While many IT research firms have been boosters of CRM and have pointed to the industry segment as one with great potential for future growth, Gartner stands out as a naysayer.

While many industry research firms have been strong boosters of CRM and have pointed to the area as one with great potential for future growth, Gartner stands out by being a piquant naysayer. It has just announced the results of some of its research into real-world CRM implementations, and these they paint a grim picture for corporations hoping to use CRM to improve performance.

Through 2006, Gartner said, more than half of all companies implementing CRM systems will view those implementations as failures. Although this sense of failure will be drawn from many customer-specific problems, Gartner said it feels that the software's inability to link various channels, the lack of true process redesign and the failure to provide any real customer benefits will often be the main culprits.

In addition, Gartner claimed that while many businesses are implementing CRM strategies, most of them will severely underestimate the costs of such projects. The researcher claims these underestimates will be as high 40-75%.

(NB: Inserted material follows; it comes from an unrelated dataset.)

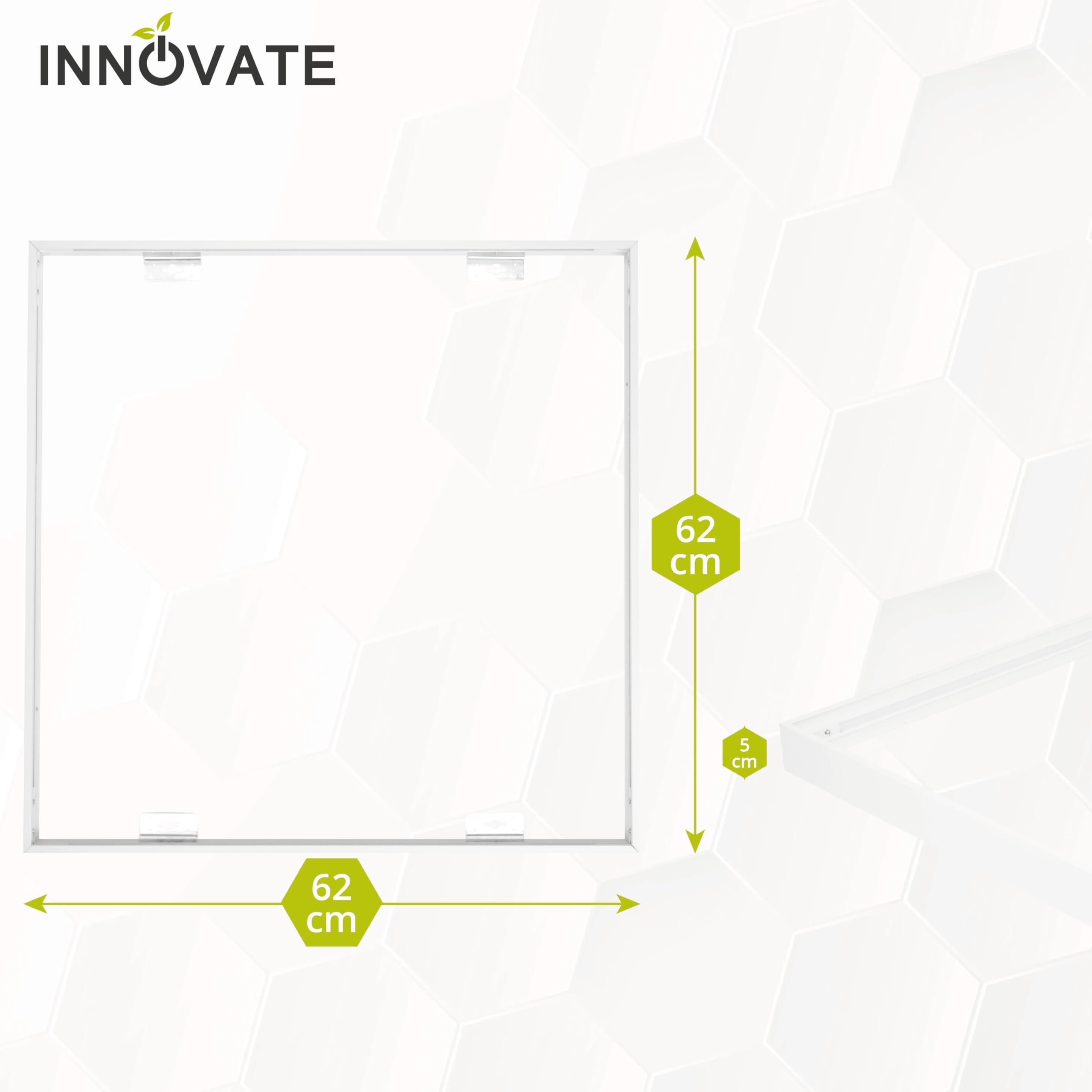 INNOVATE Panel LED 62x62 [Panel retroiluminado LED Plafón regulable con transformador] Lámpara de techo Panel LED Lámpara de techo empotrada Escritorio (marco de montaje, 3)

Gartner analysts said there are three key areas that enterprises must implement to effectively use a CRM business strategy. To emerge as a market leader, a company needs to excel in at least one of these areas, and it needs to be as good as the competition in each of the others:

  • Driving the overall market on the strength of its products or services, meaning that the company's offerings are truly unique.
  • Being operationally brilliant, meaning the company uses technology such as back-office and operational systems so well that they give it a real cost advantage.
  • Being customer-centric, meaning that it builds such a strong and intimate relationship with the customer that the customer doesn't even consider buying from anyone else.

Most companies will have a hard time reaching any of these goals if they do not start the CRM process with the need to overhaul corporate culture in mind. Becoming customer-centric is not as simple as installing a suite of software from Siebel or E.piphany. To get there, and to avoid a flop of an implementation, will take at least two initiatives.

First, companies need to spend the time reasoning out their customers' relationship with them. If this is done well, not only will companies have stronger marketing and better use of technology, but also the customer will be more fully integrated into the whole technological process. Companies will have to closely examine all of the channels that they use to deal with customers -- in sales, marketing and support -- and then design systems that make those contact channels easier.

Once that is accomplished, according to Gartner, companies will need to extend "the customer's understanding beyond the marketing organization to other groups within the enterprise, such as the supply chain for mass customization or customer service for cross-selling opportunities."

"The rewards of greater customer-centricity are significant, and that is why many enterprises are turning to the business strategy of CRM, which clearly places the customer at the heart of an enterprise's strategy," said Scott Nelson, vice president and research director for Gartner.

To help thwart the heavy cost overruns, companies will need to adopt specialized project management tools and metrics to track, analyze and influence the CRM implementation. Gartner estimated that a large enterprise can blow through between $30 million to $90 million over a three-year period on technology, labor, consulting services and training related to their CRM projects. Companies can trim those costs by using tools such as a TCO (total cost of ownership) tracker, which offers a view of true IT costs over time, including all three major areas of any company: people, technology and processes.